Importantly, this volume is concerned not only with continuities extending forward from the National Socialist era but also with those that range from the interwar years into the Nazi period. Two contributors address this period: Amit Varshizky and Miriam Offer, the collection's third editor. The former analyzes the writings of two German racial theorists and argues that the politicization of science in conversations on race predated the rise of the Nazis. The latter turns her attention to the writings of Mordechai Lensky, whom she presents as an exemplar of Polish-Jewish medical professionals whose medical knowledge and prowess, community-mindedness, and attention to preventive medicine were the basis for the provision of effective medical care in ghettos.

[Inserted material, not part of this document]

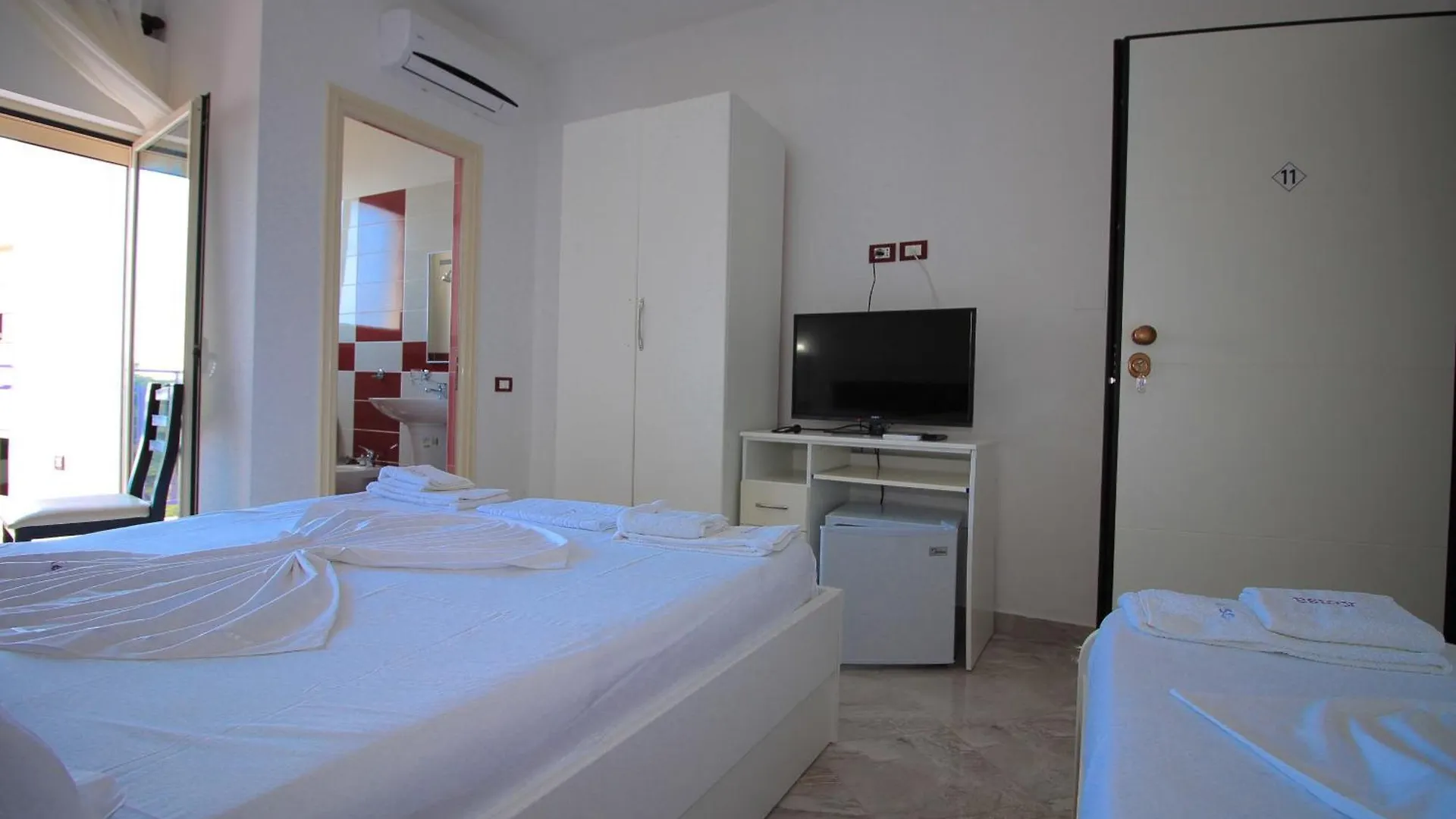 Hotel Keisa Dhermi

Beyond featuring continuities of figures, institutions, and ideas, the volume also communicates a sense of ties across time through spotlighting the enduring qualities and potential pitfalls of the medical profession. The most powerful statement to that effect is the concluding sentence of Stephanie Kaiser and Mathias Schmidt's case study of Ludwig Stumpfegger, a doctor who conducted human-subject experiments and later served as Adolf Hitler's escort physician. It warns, “Medical care must never be subjugated to ideological dogmas that attribute [to] people different values or rights to live, and any expansion of doctors’ societal power must be weighed carefully” (165).

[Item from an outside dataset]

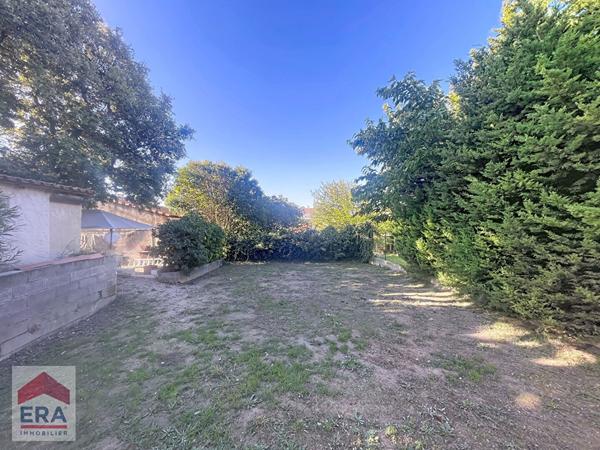 A VENDRE MARSEILLE 13013 13014 ST MITRES MAISON T4 JARDIN TERRAIN PARKINGS PISCINABLE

Given that one of this volume's main strengths is the emphasis on continuities between past and present, the division of chapters into two parts, entitled “The Past” and “The Present: Postwar Continuities, Legacies, and Reflections,” is artificial and unfortunate. The book's greatest weakness is, therefore, not a matter of content but of structure. As already noted, most chapters, at the very least, draw attention to connections over time, while several engage substantially with linkages. Consequently, the book's organization undermines the studies’ content. In addition, the assignment of certain chapters to one part over another seems arbitrary or even mistaken. Particularly problematic is the placement of Weindling's chapter in “The Past,” as his subject matter—“The Mengele Link”—is the epitome of “Postwar Continuities.” Any further criticisms, however, fall into the categories of factual errors and missed opportunities, which may have been ameliorated through stronger editing by the publisher. While these shortcomings do not weaken the overall product, it is nevertheless disconcerting to read, for example, that “Hitler had been elected chancellor” (196).

The collection's lack of studies on “medicine and the Holocaust,” as the editors define it, is not, in and of itself, a flaw. It functions, instead, as an appeal for further scholarship at the intersection of the history of medicine and the history of the extermination of European Jewry. The editors’ framing of the subject matter and the glimpses the volume's content offers reveal the theme's promise and point to the need for its growth as a specific subset within “medicine under National Socialism.” The volume clearly communicates that this larger field continues to grow and yield new insights that expand our understanding of the past and its connection to the present. As a result, this compilation is strongly recommended reading for scholars of modern Germany, the Holocaust, the history of science and medicine, as well as for medical professionals and educators who will find echoes of the past in their contemporary practice. The overall emphasis on linkages, be they faint resonances or concrete continuities, extends the volume's appeal to scholars of memory and trauma studies, and certain contributions would make the volume a valuable resource for specialists in Jewish studies, women's and gender studies, law, and art theory.